▶ _EXERCISE DETAILS_: Write down exactly what lies from the line containing "0.8ton Mini excavator" to the end of the records, inclusive, and omit the pictures.

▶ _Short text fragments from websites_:
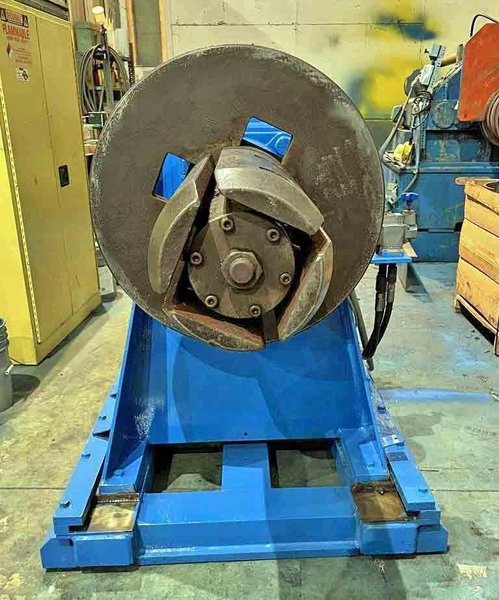 10,000# x 20" Ruesch Uncoiler STOCK# 3920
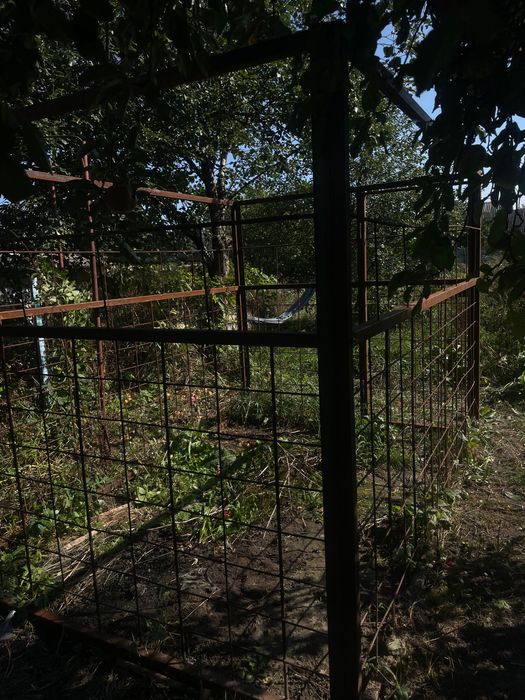 продам вольєр розбірний на 4 частини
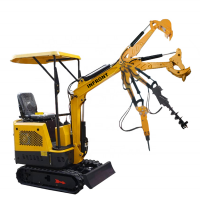 0.8ton Mini excavator YFE08 Chinese brand 800kg small excavator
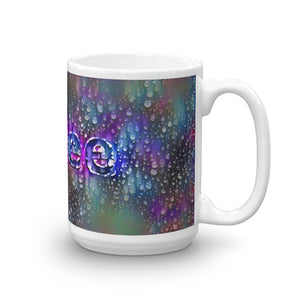 Kylee Mug Wounded Pluviophile 15oz left view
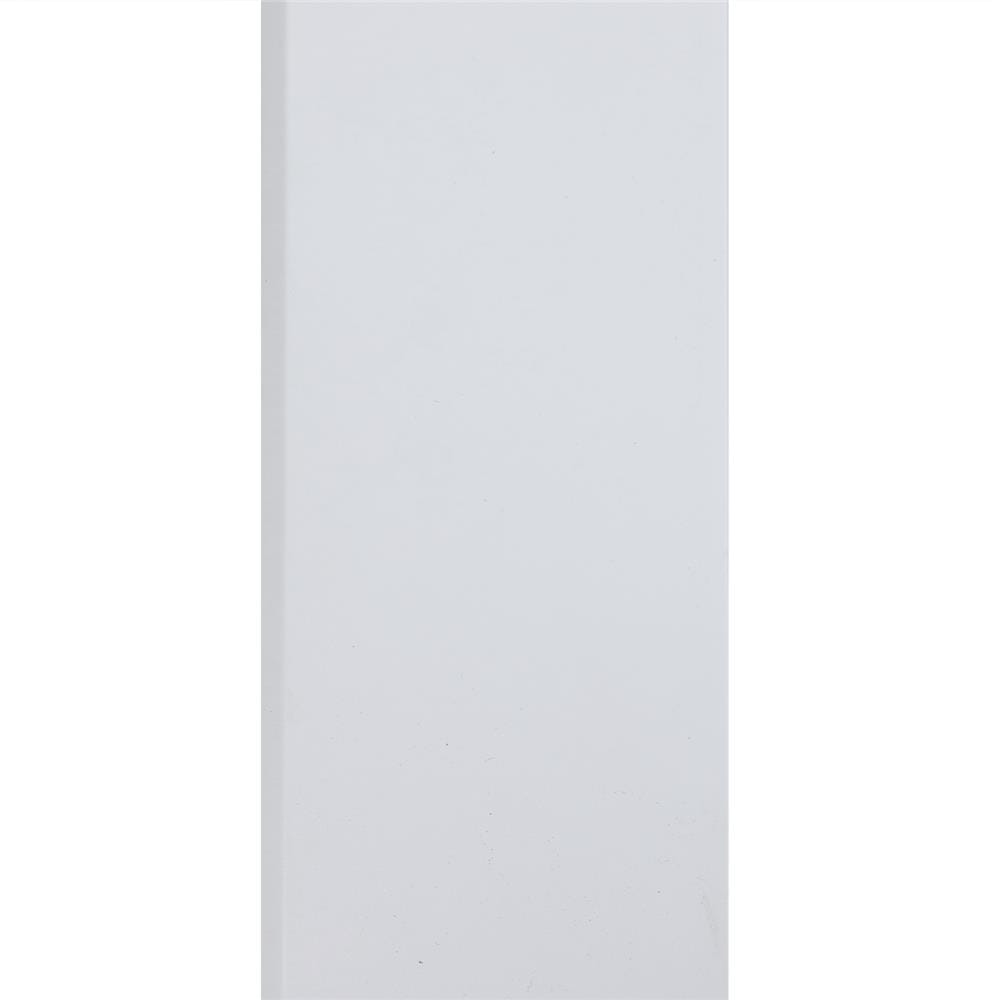 บัวพื้น PVC CROBERN 10x240x1 ซม. สีขาว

▶ _WRITTEN SOLUTION_:
 0.8ton Mini excavator YFE08 Chinese brand 800kg small excavator
 Kylee Mug Wounded Pluviophile 15oz left view
 บัวพื้น PVC CROBERN 10x240x1 ซม. สีขาว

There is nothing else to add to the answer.